Akaike information criterion (AIC) for the model

property BIC: float#

Bayesian information criterion (BIC) for the model

property R2_validation: float#

Average R2 score for validation sets

property fit_method: str#

Fit method

get_contributions(A)#

Returns the average contribution for each row of A to the predicted values from each element of the parameter vector.

Parameters:

A (ndarray) – fit matrix where N (=rows of A, elements of y) equals the number of target values and M (=columns of A) equals the number of parameters

Return type:

ndarray

property n_nonzero_parameters: int#

Number of non-zero parameters

property n_nonzero_parameters_splits: ndarray#

Number of non-zero parameters for each split

property n_parameters: int#

Number of parameters (=columns in A matrix)

property n_splits: int#

Number of splits (folds) used for cross-validation

property n_target_values: int#

Number of target values (=rows in A matrix)

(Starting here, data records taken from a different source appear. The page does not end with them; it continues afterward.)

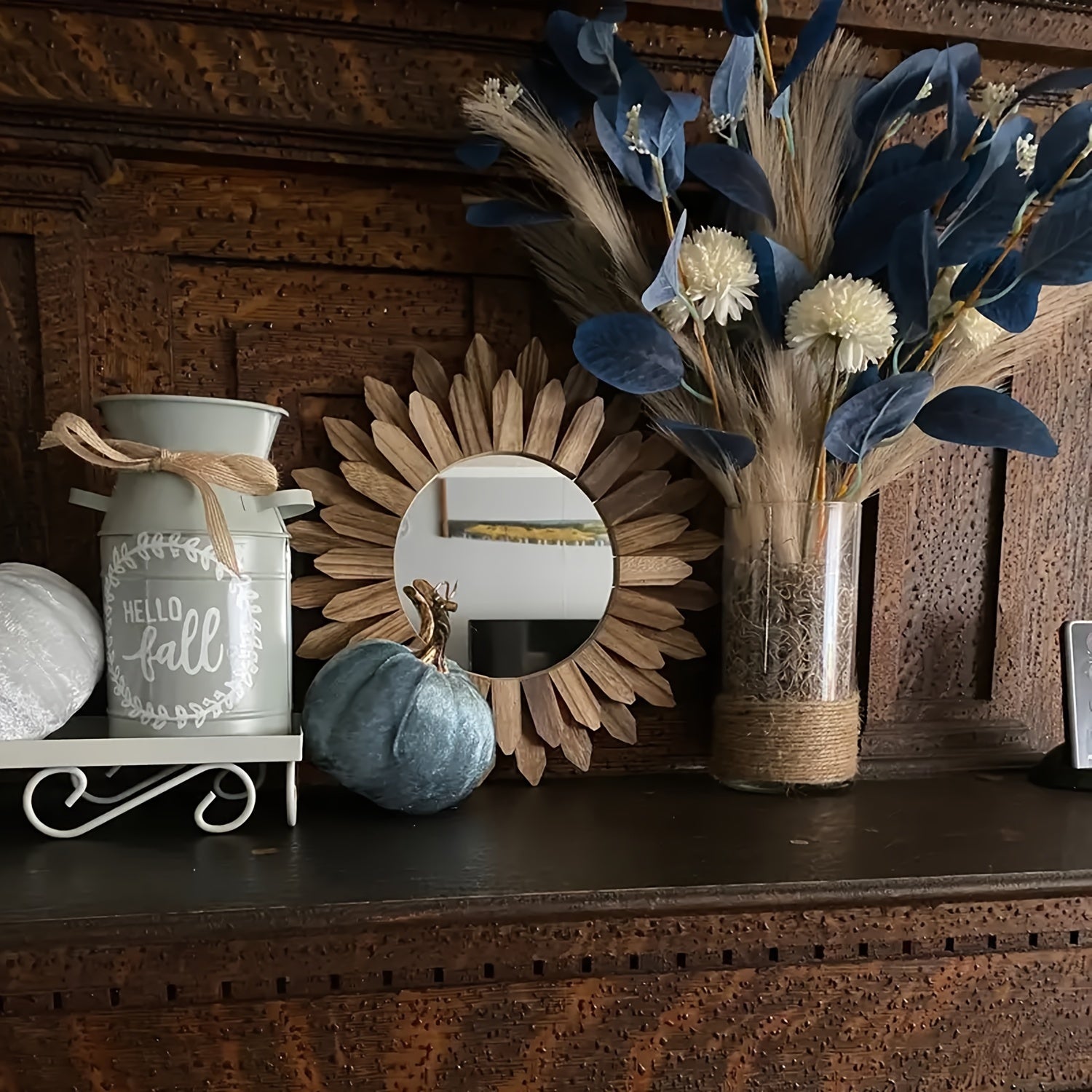 Specchio in legno con cornice a forma di fiore – Specchio decorativo da parete per soggiorno, camera da letto e bagno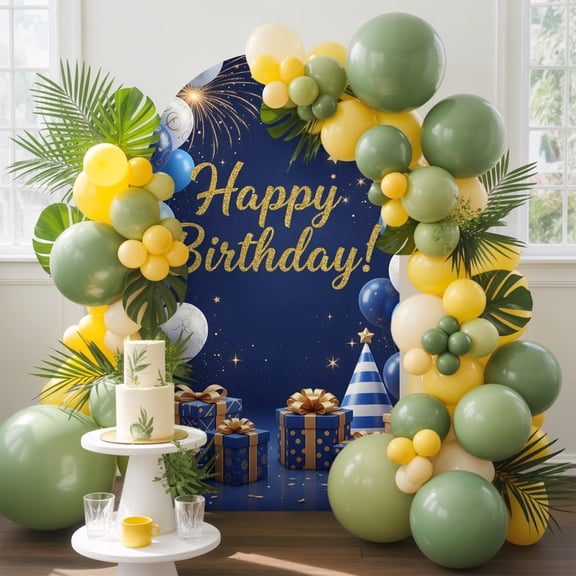 Happy Birthday Arch Backdrop Cover, 4FT, White Blue Balloons Present Fireworks Spandex Arch Covers Double-Sided Backdrop for Wedding Birthday Party Photo Background Decoration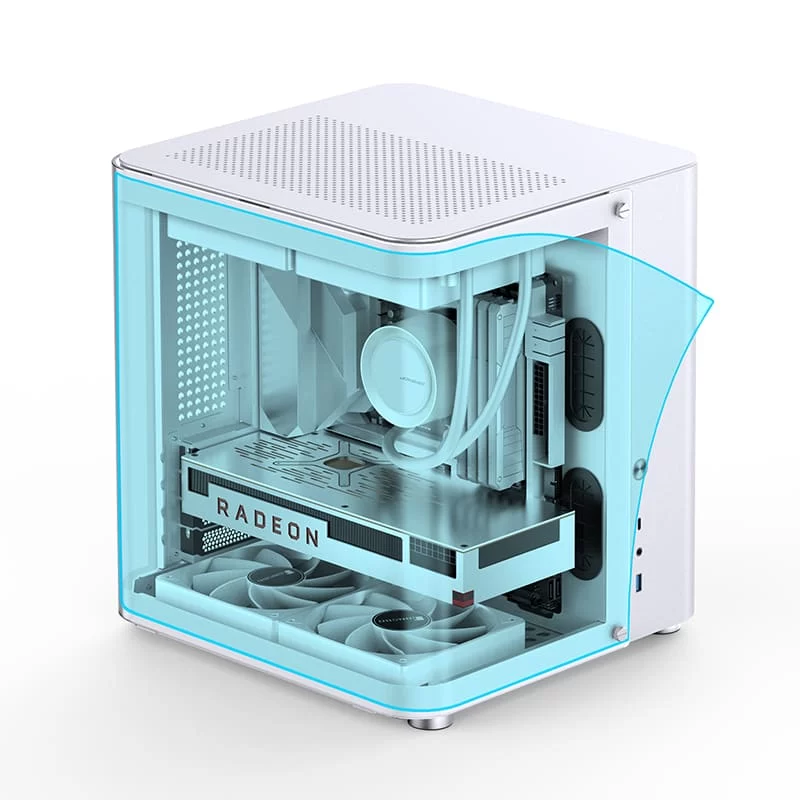 Jonsbo TK-1 White Micro ATX Mini Tower Case - Hyperboloid Glass Design, Support ATX power + 240 AIO 7 Jonsbo TK-1 White Micro ATX Mini Tower Case - Hyperboloid Glass Design, Support ATX power + 240 AIO - Ảnh 7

property parameters: ndarray#

Copy of parameter vector

property parameters_norm: float#

Norm of the parameter vector

property parameters_splits: ndarray#

All parameters obtained during cross-validation

property rmse_train: float#

Average root mean squared training error obtained during cross-validation

property rmse_train_final: float#

Root mean squared error when using the full set of input data

property rmse_train_splits: ndarray#

Root mean squared training errors obtained during cross-validation

property rmse_validation: float#

Average root mean squared cross-validation error

property rmse_validation_splits: ndarray#

Root mean squared validation errors obtained during cross-validation

property seed: int#

Seed used to initialize pseudo random number generator

property standardize: bool#

If True standardize the fit matrix before fitting

property summary: Dict[str, Any]#

Comprehensive information about the optimizer

train()[source]#

Constructs the final model using all input data available.

Return type:

None

validate()[source]#

Runs validation.

Return type:

None

property validation_method: str#

Validation method name

write_summary(fname)#

Writes summary dict to file.

Return type:

None